-- What you need to do --
Reproduce exactly the run of lines that begins with the one containing "Shower, hair dryer, towels, soap" and ends with the last line of the records, omitting pictures.

-- Records to process --

__________________________________________________

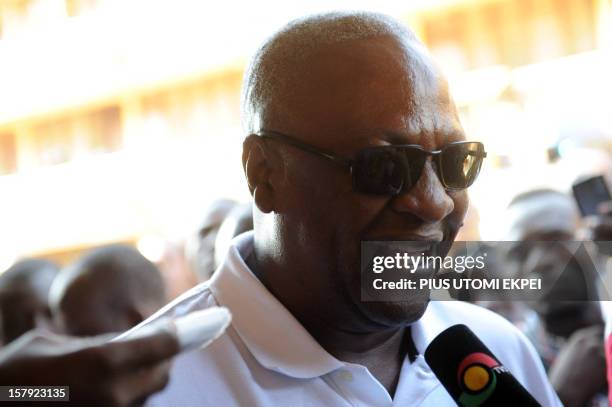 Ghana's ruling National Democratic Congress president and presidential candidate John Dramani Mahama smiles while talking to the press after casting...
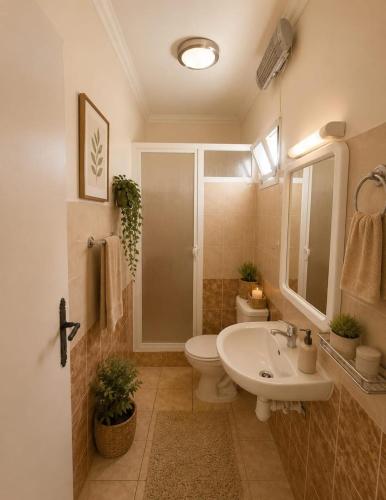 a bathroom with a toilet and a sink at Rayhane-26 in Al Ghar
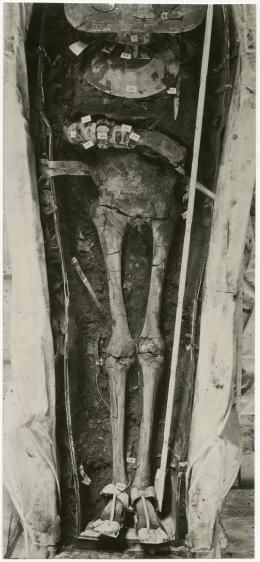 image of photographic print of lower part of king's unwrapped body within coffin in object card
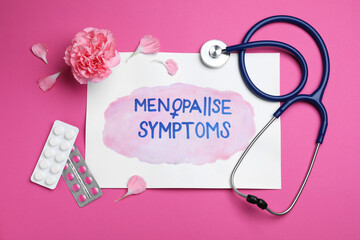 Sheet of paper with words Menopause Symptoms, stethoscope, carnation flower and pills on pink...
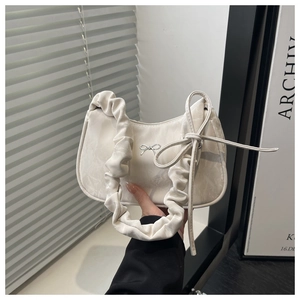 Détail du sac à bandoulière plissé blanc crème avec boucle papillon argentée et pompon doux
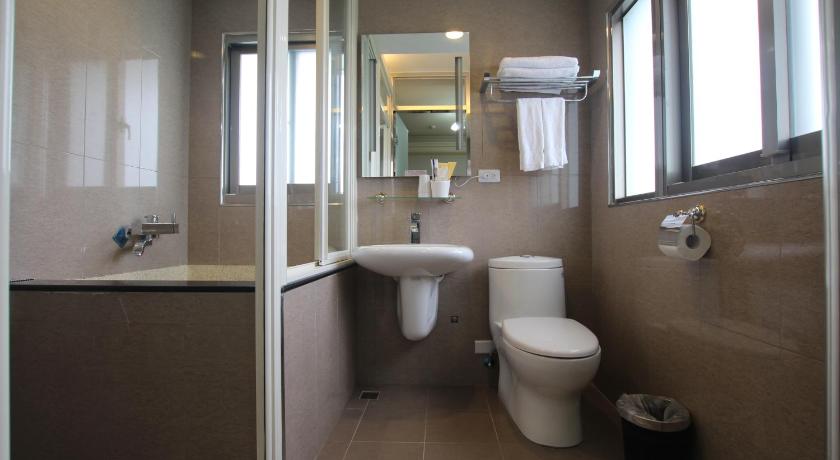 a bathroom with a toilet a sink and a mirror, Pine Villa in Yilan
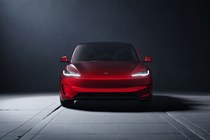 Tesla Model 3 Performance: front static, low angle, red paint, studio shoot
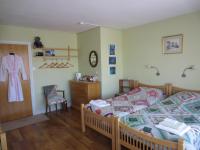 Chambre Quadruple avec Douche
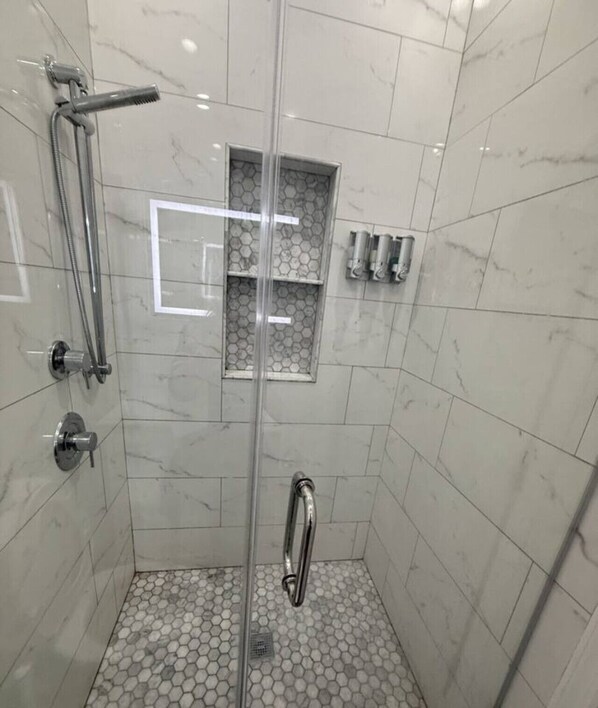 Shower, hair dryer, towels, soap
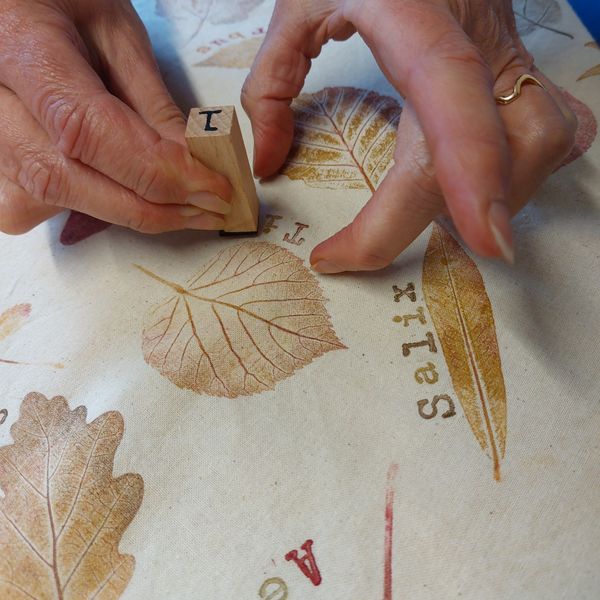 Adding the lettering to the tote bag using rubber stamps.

__________________________________________________

-- Completed task --
 Shower, hair dryer, towels, soap
 Adding the lettering to the tote bag using rubber stamps.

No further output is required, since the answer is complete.